10. L’accertamento del rischio di sottoposizione alla pena di morte o quello di subire trattamenti inumani o degradanti nelle carceri non può essere, infatti, ignorato dal giudice nazionale (cfr. Cass. 20.9.2013 n. 21667) in conformità con la consolidata giurisprudenza della Corte EDU, secondo la quale l’eventuale messa in esecuzione di un ordine di espulsione di uno straniero verso il paese di appartenenza può costituire violazione dell’art. 3 CEDU, relativo al divieto di tortura, quando non vi sono circostanze serie e comprovate che depongono per un rischio reale che lo straniero subisca in quel Paese trattamenti contrari proprio all’art. 3 della Convenzione, essendo irrilevante il tipo di reato di cui è ritenuto responsabile il soggetto da espellere, poichè dal carattere assoluto del principio affermato dal citato art. 3 deriva l’impossibilità di operare un bilanciamento tra il rischio di maltrattamenti ed il motivo invocato per l’espulsione (per tutte Corte CEDU sent. 28.2.2008 e Cass. 22.2.2019 n. 5358).

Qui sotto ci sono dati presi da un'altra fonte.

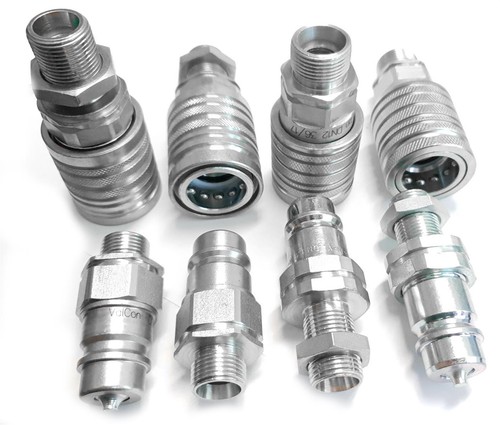 Hydraulik kupplung stecker - kupplung,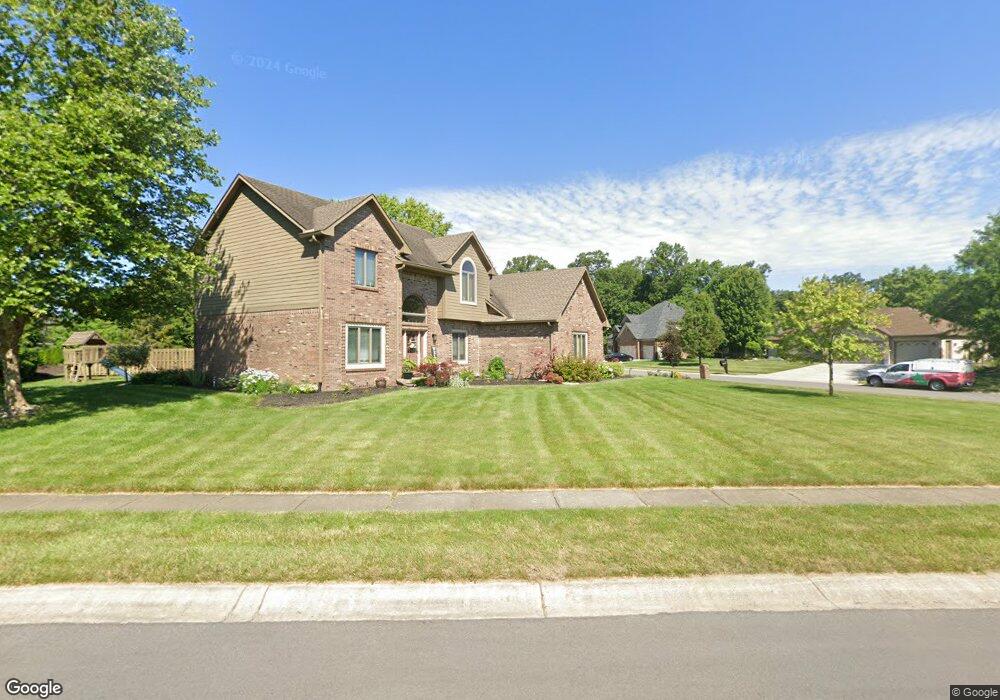 7643 Brickmaker Ct, Plainfield, IN 46168 - photo 1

11. La suddetta questione può rilevare anche sotto l’aspetto della protezione umanitaria la quale, infatti, quale prevista dal D.Lgs. n. 286, art. 5, comma 6 (applicabile ratione temporis: Cass. Sez. Un. 13.11.2019 n. 29460), è una misura atipica e residuale, nel senso che essa copre situazioni, da individuarsi caso per caso, in cui, pur non sussistendo i presupposti per il riconoscimento della tutela tipica (status di rifugiato o protezione sussidiaria), tuttavia non possa disporsi l’espulsione o debba provvedersi all’accoglienza del richiedente che si trovi in situazione di vulnerabilità (Cass. n. 32044 del 2018; Cass. n. 23604 del 2017).

12. La Corte di merito avrebbe dovuto procedere, pertanto, avvalendosi dei propri poteri di accertamento di ufficio, alla verifica, oltre che della sicurezza socio-politica, anche dello stato del sistema giudiziario e carcerario presente in Gambia.

13. In conclusione, la sentenza deve essere cassata in relazione al secondo motivo, inammissibili il primo ed il terzo, con rinvio alla Corte di appello di Roma, in diversa composizione che, attenendosi ai principi sopra esposti, procederà all’ulteriore esame del merito della controversia, provvedendo, altresì, anche in ordine alle spese del presente giudizio di cassazione.

P.Q.M.

La Corte accoglie il ricorso per quanto di ragione; cassa la sentenza in relazione alle censure accolte e rinvia alla Corte di appello di Roma, in diversa composizione, cui demanda di provvedere anche sulle spese del presente giudizio.

Così deciso in Roma, nell’Adunanza Camerale, il 4 febbraio 2021.